Over the course of the seminar, our shared reading from the Jesuit John Haughey’s monograph Where Is Knowing Going sparked discussion on a key tension we faced: the “Catholic” part of the Catholic intellectual tradition. For many, the label brought up the specter of a limitation of questions, ideas, and understanding in order to serve narrow dogmas. For others, it read as a barrier to intellectual or educational exploration and excellence. Yet as Haughey notes, “this tradition should not find any portion of reality alien to it. The catholicity of the tradition has its origin in the universal drive people have to make sense, to make meaning, to make wholes that would not be unless they birthed them.”

Joanne H. Lee

Joanne H. Lee

The seminar approached the Jesuit, Catholic identity of the university through these two lenses, which lie at the core of our institutional mission. As Robert Senkewicz pointed out in 1997, “according to Jesuit ethos, it is the responsibility of the educated person to work for a more just and humane social order.” This is what we still claim today and what cannot be achieved if we fail to fully embrace reality in all its complexity and brokenness. It also won’t be achieved if we cannot do so as a community united in a shared purpose and inspired by a diverse set of experiences, beliefs, and traditions that represent the totality of our world. The vitality of our institution is dependent on a radical openness and inclusivity, not a closed and static vision of “tradition.”

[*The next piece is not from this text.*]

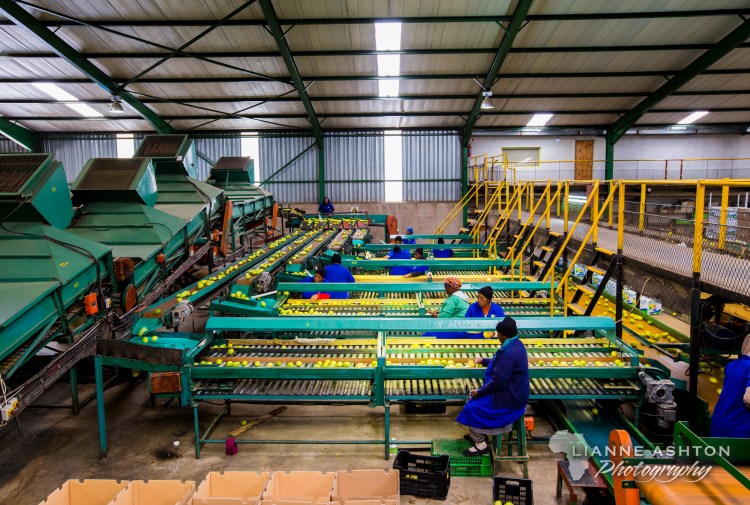 Student at Carisbrook Packhouse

In the following pages, the results of our conversations and shared readings are expressed in a series of essays that largely and organically cohere around themes of solidarity, understanding, and compassion for one another. This is perhaps unsurprising for a series of conversations that took place over Zoom during the height of the COVID-19 pandemic. The concept of solidarity has deep roots in the Catholic tradition, as it does in many traditions and cultures across the world, and like any idea with a long and complicated history, it avoids simplistic definition. In its broadest sense, solidarity within the Catholic tradition is focused on the notion that we are related to one another and that our ability to flourish is dependent on the flourishing of those around us. This reality calls us to a deep commitment to the flourishing and welfare of all people and creation, not just our own self-interest. We stand with each other in recognition of the fact that when any human suffers, we all suffer, for we are part of a single web of creation that is constantly in relationship with each other across divides of geography, race, gender, class, sexuality, and other categories of difference and identity. It is easy to see how, within this context, thin concepts and practices of solidarity are common. But the challenge we all face is to build relationships of solidarity that have transformative potential.

The essays in the following issue of explore touch on the struggles to live up to our principles, the suffering we all endure, and the tensions that exist within a community. Yet, ultimately, in the classroom and beyond we are offered visions of where we might find the examples of relationships and commitments that would make a real and enduring solidarity possible. I hope that these essays spark further conversations and reflections about what it means to be a Jesuit, Catholic institution that is committed to justice, inclusivity, and solidarity for all. For that is the ultimate measure of our success as a university community.


Aaron Willis has served as the director of the Bannan Forum since June 2018. Willis received his B.S. in political science from Santa Clara and earned his doctorate in history from the University of Notre Dame. Prior to joining the Ignatian Center, he taught in the history department at Santa Clara University.